Dans le champ élargi de la sculpture, le travail de Simon Nicaise se réfère à son environnement proche son atelier tout particulièrement – ainsi qu’aux matériaux qui le compose. Ses oeuvres contiennent ou exacerbent une puissance qui affecte parfois même l’espace d’exposition. La réalisation des oeuvres, qu’elles soient construites de toute pièce ou le résultat d’une série de transformations, est toujours très soignée. Cette rigueur, associée à des gestes d’une intensité rare, s’allie avec subtilité au désordre et à l’excès.

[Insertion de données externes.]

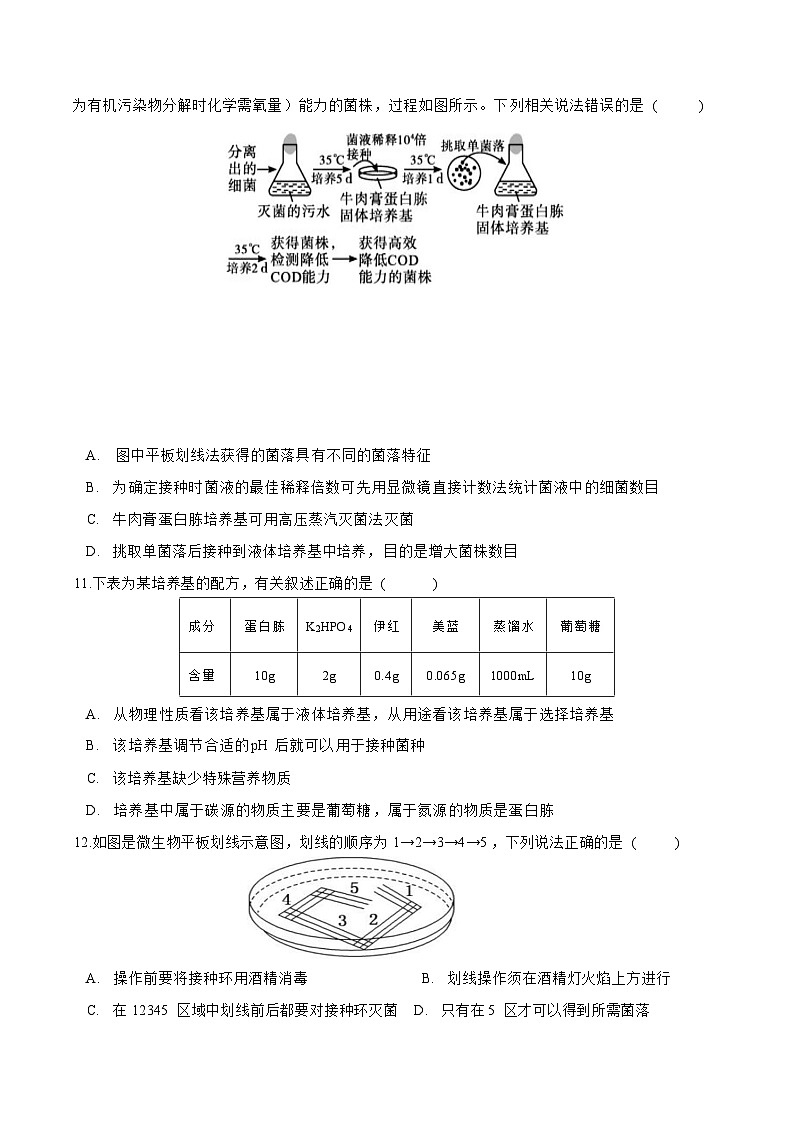 四川省眉山市仁寿县第一中学校南校区2025-2026学年高二上学期12月月考生物试题(含答案)第3页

A partir d’actions simples – assembler, percer, aimanter, suspendre… – , Simon Nicaise détourne les objets de leur fonction ou de leur signification initiales. Dans leurs nouveaux modes d’existence, ils semblent dotés d’un pouvoir (d’attraction et de destruction, au sens propre comme au sens figuré) aussi puissant qu’éphémère.
(…) Ce qui est mentalement et physiquement déconcertant dans le travail de Simon Nicaise n’est pas dû à un dysfonctionnement de l’objet lui-même mais au programme « défaillant » qu’il y introduit. Les procédés que l’artiste façonne et « fictionne » confèrent aux objets une inquiétante autonomie qui les relie à la « machine ». La dimension domestique et la reconnaissance des objets convoqués, offrent la possibilité d’un sentiment de déjà vu d’autant plus troublant.
(…) Déviés ou altérés, les objets et les processus convoqués dans les oeuvres témoignent de la position critique de l’artiste à l’égard des notions de progrès et de productivité. Animé par une dynamique (une poétique) de l’anéantissement constructif, son travail entretient des rapports complexes avec la temporalité. Parfois, il tente de briser le déroulement irréversible du temps en accélérant ou en ralentissant le cours des choses.
(…) Une mélancolie persistante accompagne l’artiste dans ses recherches formelles et dans son travail sur la matière. Les rapports contradictoires que celui-ci entretient avec les objets oscillent entre obsession et rejet, érotisme et violence. Enflammées ou apathiques, les alliances intrigantes qu’il compose rendent visibles ces tensions et allégorisent plus largement la nature ambiguë de toute chose.